Ms. Loomis stressed that her departure had no connection to the recent spinoff of Fortune’s parent company, Time Inc., from the media conglomerate Time Warner. In fact, she said she was never fond of Time Inc.’s 1989 merger with Warner Communications.


Ms. Loomis and Mr. Buffett at a Fortune magazine event in Washington in 2010. 
  Credit Jemal Countess/Getty Images for Time Inc.

“I think it’s good that we’re out here on our own, don’t have to send money to Time Warner, and we sent a lot of money to Time Warner,” she said.

When Ms. Loomis started at Fortune, she was surrounded by journalistic luminaries. The magazine’s masthead included Hedley Donovan, who would go on to succeed Henry Luce as the editor in chief of Time Inc. William H. Whyte, author of “The Organization Man,” the seminal book about corporate culture, and the famed photographer Walker Evans, were also on the magazine’s staff.

She soon became a luminary herself. Among her influential articles was a 1966 piece about another former Fortune employee, Alfred Winslow Jones, considered the father of the hedge fund industry.

For decades, readers contacted Fortune for copies of the piece to use as a blueprint for using hedging techniques to make money on both rising and falling stocks. Ms. Loomis cast something of a skeptical eye on Mr. Jones’s fund, calling his record in forecasting the market “only fair.”

Alan Farnham, a former Fortune writer who worked at the magazine during the 1980s and ’90s, said Ms. Loomis taught him how much work went into producing great journalism. He worked for her as a researcher, and remembers her arriving at the office with a suitcase of documents and poring over them for days.

“She would research something to the nth degree before any of the interviewing started,” he said. “It was evident by every word and deed that she was committing herself to an uninterrupted siege of work.”

Fortune’s editors helped Ms.

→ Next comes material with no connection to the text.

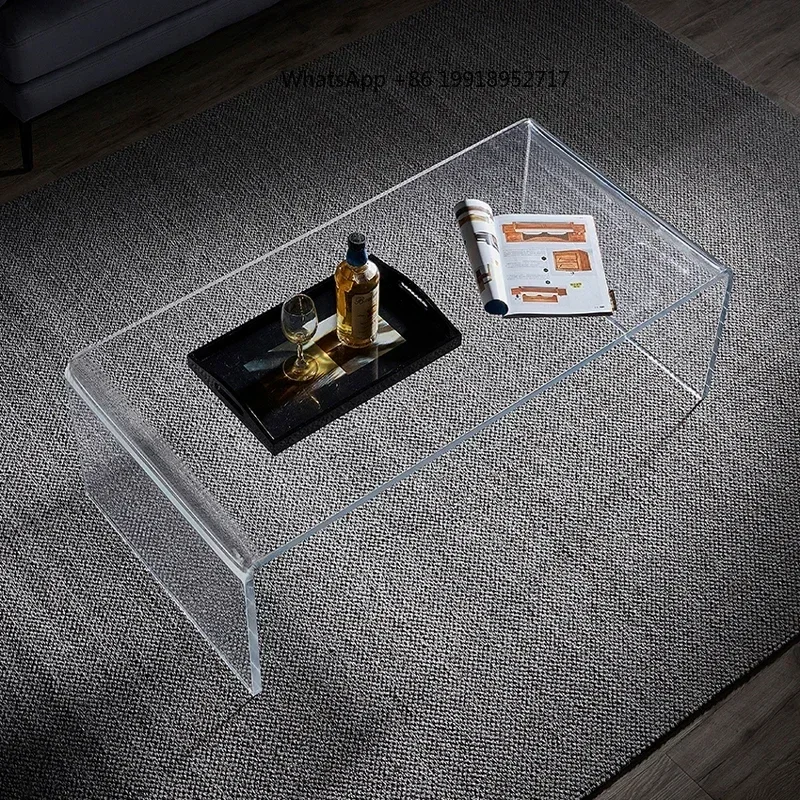 Modern Acrylic Side Table Transparent Square Coffee Table Nordic Stylish Accent Furniture for Small Space Living Room Corner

Loomis over her six-decade career — she is Time Inc.’s longest-serving employee — by allowing her a flexible schedule. In 1968, after she had her second child, her editors let her take summers off. As she hit her mid-60s, she cut her schedule to working seven months a year. And last year Andrew Serwer, Fortune’s managing editor, agreed to cut back her output to three lengthy features a year.

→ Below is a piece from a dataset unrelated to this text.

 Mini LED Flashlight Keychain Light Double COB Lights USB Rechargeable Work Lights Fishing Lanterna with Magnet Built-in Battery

“We wanted to keep her and we wanted to keep her happy,” Mr. Serwer said. “You should be flexible for your most important employees.”

She was introduced to Mr. Buffett by her husband, John, a retired partner at First Manhattan, the New York investment manager. The couple, married 54 years, are longtime Berkshire Hathaway shareholders. They raised two children in Larchmont, N.Y., the Westchester suburb where they still live.

Now that she is officially retired, Ms. Loomis said she hoped to first catch up on the lunches she missed while finishing her article on Mr. Fink and BlackRock. She also needs to find a place for the nine boxes of reporter’s notes cluttering her garage. And she looks forward to playing more golf and bridge.

Ms. Loomis also plans to continue her regular conversations with Mr. Buffett and assist him with his writings. After editing the Berkshire Hathaway shareholder letter for nearly 40 years, she likes to remind Mr. Buffett that he still needs her help. She said that dangling participles and the passive voice were persistent problems.

“I kid him,” she said, “that he missed the class on active verbs.”